Incontinentia pigmenti


Good news!   

Your horse is clear of incontinentia pigmenti and does not have the gene mutation.   

Your horse cannot pass on the incontinentia pigmenti gene mutation. There are no breeding or performance implications. 

What is incontinentia pigmenti?

Incontinentia pigmenti is only seen in female horses since male fetuses with the mutation die before birth. Females that inherit the mutation are born brindle, with dark pigmentation down the Blaschko lines. Affected horses suffer from hair loss, unpleasant skin lesions and teeth, hoof, and eye deformities.

Genomic Details

Incontinentia pigmenti is caused by a mutation in the IKBKG gene. This gene is responsible for activating a protein which is important for the immune system, fetal development, and inflammation. Horses with the disease gene version of the IKBKG gene do not activate this protein. This results in incontinentia pigmenti.

Immune-mediated myositis is a dominant genetic disease. This means only one gene mutation from one parent is needed for the disease to occur.

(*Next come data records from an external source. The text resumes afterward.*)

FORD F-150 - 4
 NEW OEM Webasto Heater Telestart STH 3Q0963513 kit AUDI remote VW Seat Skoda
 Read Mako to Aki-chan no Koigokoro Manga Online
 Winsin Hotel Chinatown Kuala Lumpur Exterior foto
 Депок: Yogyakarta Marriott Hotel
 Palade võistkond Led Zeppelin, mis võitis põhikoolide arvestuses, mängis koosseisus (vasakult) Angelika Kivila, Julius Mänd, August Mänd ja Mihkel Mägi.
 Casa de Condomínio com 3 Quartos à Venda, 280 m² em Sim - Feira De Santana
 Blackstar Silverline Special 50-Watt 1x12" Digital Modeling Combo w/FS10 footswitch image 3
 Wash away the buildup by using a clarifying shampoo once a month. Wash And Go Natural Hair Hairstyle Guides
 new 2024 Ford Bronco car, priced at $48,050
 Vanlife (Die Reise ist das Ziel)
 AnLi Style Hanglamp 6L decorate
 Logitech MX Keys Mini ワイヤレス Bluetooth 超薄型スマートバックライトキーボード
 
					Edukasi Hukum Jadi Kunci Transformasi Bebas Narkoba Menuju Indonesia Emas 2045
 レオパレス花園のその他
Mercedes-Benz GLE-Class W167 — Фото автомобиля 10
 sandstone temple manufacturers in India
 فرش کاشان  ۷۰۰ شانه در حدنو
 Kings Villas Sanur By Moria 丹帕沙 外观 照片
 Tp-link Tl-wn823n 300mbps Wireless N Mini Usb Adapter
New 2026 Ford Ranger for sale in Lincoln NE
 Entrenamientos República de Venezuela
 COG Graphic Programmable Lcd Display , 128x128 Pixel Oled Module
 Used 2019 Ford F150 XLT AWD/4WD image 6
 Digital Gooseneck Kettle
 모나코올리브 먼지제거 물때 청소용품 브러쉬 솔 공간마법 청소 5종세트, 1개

The mutation that causes incontinentia pigmenti is a switch in one of the four base pairs that make up a DNA molecule. Cytosine (C) is replaced by Thymine (T) changing the IKBKG gene. Therefore, a horse’s genetic result for incontinentia pigmenti is one of three possibilities:

  • C/C: Normal. Does not have the disease. Does not have the mutation.

  • C/T: Affected. Has one disease mutation from one parent. This is enough to cause the disease. It might be passed to their foal.

  • T/T: Affected. Has two disease gene mutations, one from each parent. One mutation will be passed to their foal.